The Use of Lansoprazole to Treat Infants With Symptoms of Gastroesophageal Reflux

Takeda

Status and phase

Completed

Phase 3

Conditions

Gastroesophageal Reflux Disease

Treatments

Drug: Lansoprazole microgranules suspension

Drug: Placebo

Study type

Interventional

Funder types

Industry

Identifiers

NCT00324974

P-GI05-109

2006-000957-23 (EudraCT Number)

U1111-1114-2358 (Registry Identifier)

Details and patient eligibility

About

The purpose of this study is to assess the safety and efficacy of lansoprazole microgranules oral suspension, once daily (QD), in infants with gastroesophageal reflux symptoms during a 4-week treatment period.

Full description

This study will be conducted by approximately 20 investigative sites in the U.S. and Poland. Participants who qualify will be randomized in equal proportions to receive either lansoprazole Pediatric Suspension (0.2-0.3 mg/kg/day in infants <10 weeks of age or 1.0-1.5 mg/kg/day in infants >10 weeks of age) or Placebo. This study consists of three periods: Pretreatment Period of 7-14 days, Double-Blind Treatment Period of 4 weeks (Dosing), and the Post-Treatment Period of 30 days (Follow-Up).

Enrollment

162 patients

Sex

All

Ages

1 to 11 months old

Volunteers

No Healthy Volunteers

Inclusion criteria

At least 7 days post-surgery at the time of Screening (Study Visit 1) with no anticipated need for surgery during the study.
Experiencing symptoms of gastroesophageal reflux disease (regurgitation, vomiting or "spitting up," fussing/irritability, feeding refusal, crying during feeding, arching back, poor weight gain, or extraesophageal manifestations) or endoscopy proven reflux disease.
Must continue to have reflux symptoms during the Pretreatment Period despite reducing or eliminating exposure to tobacco smoke, using one positioning and feeding strategy the last 7 days as documented in the Daily Diary.
The infant exhibited crying, fussing, or irritability during or within 1 hour of feeding in >25% of all feedings during the last 4 days of the Pretreatment Period as documented in the Daily Diary.

Exclusion criteria

Body weight <2.0 kilogram at Dosing Day 1 of the Double-Blind Treatment Period.
Unstable, congenital or acquired, clinically significant disease of any major organ system (cardiovascular, respiratory, renal, hepatic, metabolic, etc.), including suspected and/or documented culture-proven sepsis.
Coexisting esophageal disease (e.g., eosinophilic esophagitis, viral, bacterial or fungal infection) or caustic or physiochemical trauma to the esophagus.
Any congenital anomaly of the upper gastric intestinal tract that might interfere with gastrointestinal motility, pH, absorption, or active or known history of necrotizing enterocolitis that has been surgically corrected.
Use of a proton pump inhibitor within 30 days prior to Dosing Day 1.
Use of H2 Blockers (i.e.

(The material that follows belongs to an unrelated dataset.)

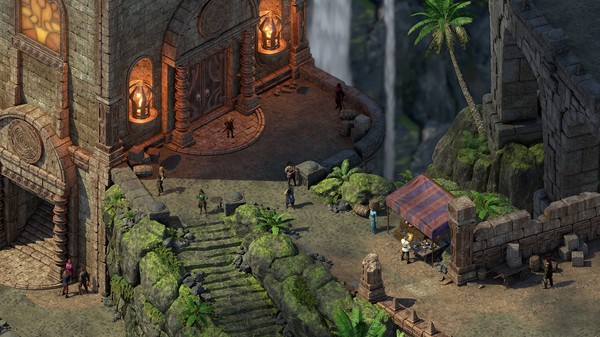 Скриншот из Pillars of Eternity II: Deadfire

Zantac) within 7 days prior to Dosing Day 1.
Allergy to proton pump inhibitors (i.e. Prilosec, Prevacid).
Use of prokinetics (e.g., metoclopramide) unless on a stable dose for at least 3 days prior to entering the Pretreatment Period.
Unable to obtain stable drug levels after continuous treatment with required drugs including theophylline derivatives, digoxin, phenytoin, phenobarbital, or carbamazepine within the 7 days prior to Dosing Day 1.
Clinically Significant abnormalities in clinical laboratory values.